Families were asked to make constant donations and pay steep fees to purchase various religious services and leather-bound volumes of Moon’s teachings, according to court judgments handed down in subsequent civil suits against the group.
Businesses connected to the church sometimes used high-pressure sales tactics to gather even more funds. Judgments from civil suits describe how followers used warnings of ancestral curses to sell products like decorative vases imported from South Korea. The church decided whom its followers would marry and sent thousands of them — mostly women — abroad to become the spouses of church members.
By the early 1990s, Moon’s power in Japan had peaked. In 1995, sarin gas attacks by members of the religious cult Aum Shinrikyo created a backlash against what are referred to in the country as new religions. Suspicion of the Unification Church hardened as former followers published tell-all accounts and lawsuits began to mount.
The National Network of Lawyers Against Spiritual Sales, a group that has spent decades crusading against the church, started receiving complaints about it in the late 1980s. It eventually collected more than 34,000, claiming damages in excess of $900 million.
As criticism built, the Unification Church went on the offensive, arguing that years of negative attention had led to its followers’ persecution. In one case, a young man, Toru Goto, was confined in a Tokyo apartment for more than 12 years as family members attempted to deprogram him, according to a civil suit he filed against his parents and others in the city.
In the spring of 2009, Tokyo police raided a church-affiliated business that pushed customers to buy traditional seals, often used for documents, at steep markups. The arrests resulted in fines against five employees and suspended prison sentences for two executives.
Fearing that the Japanese government would revoke its legal status, the church announced new controls on recruiting and donating.
In the years since, the church’s power and influence in Japan — as well as the complaints against it — have ebbed. But “even now, there are a lot of people like Mr. Yamagami’s family,” said Yoshifu Arita, a member of parliament who has frequently spoken out about the issue. “Japanese society just doesn’t see them.”
Yamagami, however, never lost sight of the Unification Church. His mother’s actions had “plunged my brother, my sister and me into hell,” he wrote on a Twitter account. The account name was included in the letter he sent before Abe’s shooting.
Amid anti-Korean screeds, misogynistic musings about incel culture and commentary on Japanese politics, the account — which has been suspended — describes a painful childhood and a seething fury at his mother’s allegiance to the Unification Church. He blamed the relationship for his own failings in life.
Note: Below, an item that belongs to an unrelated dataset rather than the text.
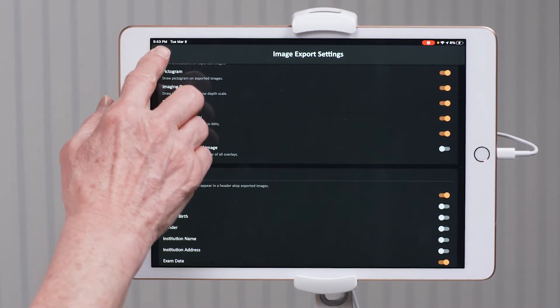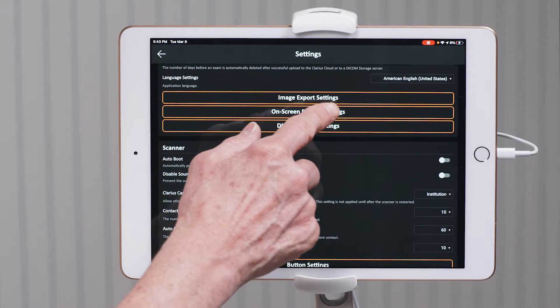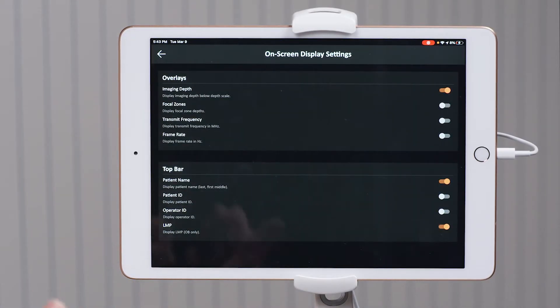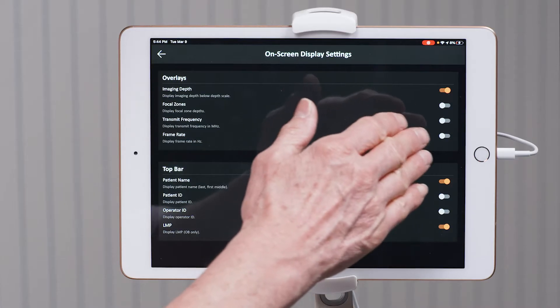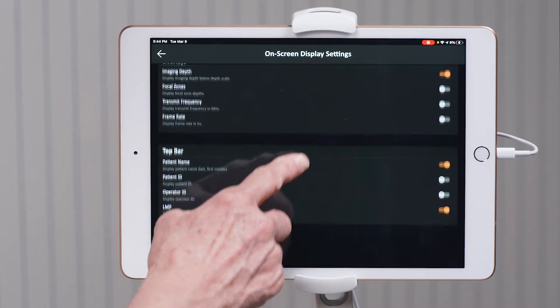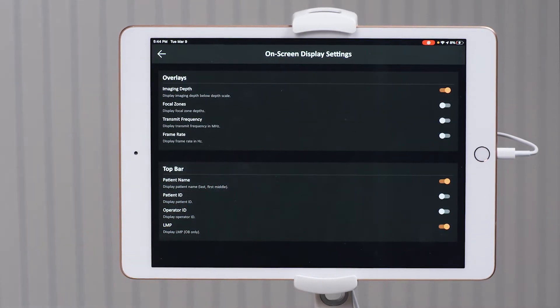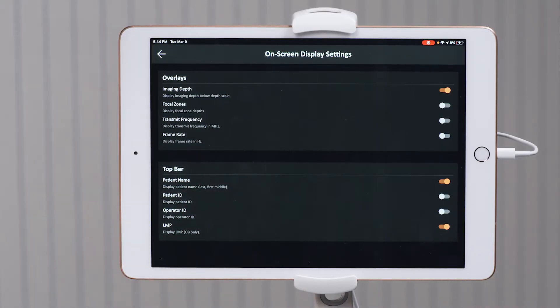Now we're going to arrow back and take a look at the on-screen display settings. As you're scanning the patient, what do you want to see as an overlay? Already turned on is the imaging depth, and I recommend that stay on — it's very useful to know the depth, for instance, for the length of a needle you'll need for a procedure. The next three are turned off and I recommend those stay off. As we come down to the top bar, all of yours are turned off in your app. I have included the patient name as well as the last menstrual period for my OB patients.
Yamagami was born into a wealthy family, but when he was 4, his father killed himself. A decade later, his grandfather died suddenly, leaving no one to stop “my mother who had been channeling money to the Unification Church,” Yamagami wrote on Twitter.
She “wrapped our whole family up in it and self-destructed,” he wrote.
In the letter he sent before the shooting, Yamagami said he had spent years dreaming of revenge, but had become convinced that attacking the church would accomplish nothing.
Abe is “not my enemy,” Yamagami wrote, “he’s nothing more than one of the Unification Church’s most powerful sympathizers.”
But, he added, “I no longer have the luxury to think about the political meaning or consequences that Abe’s death will bring.”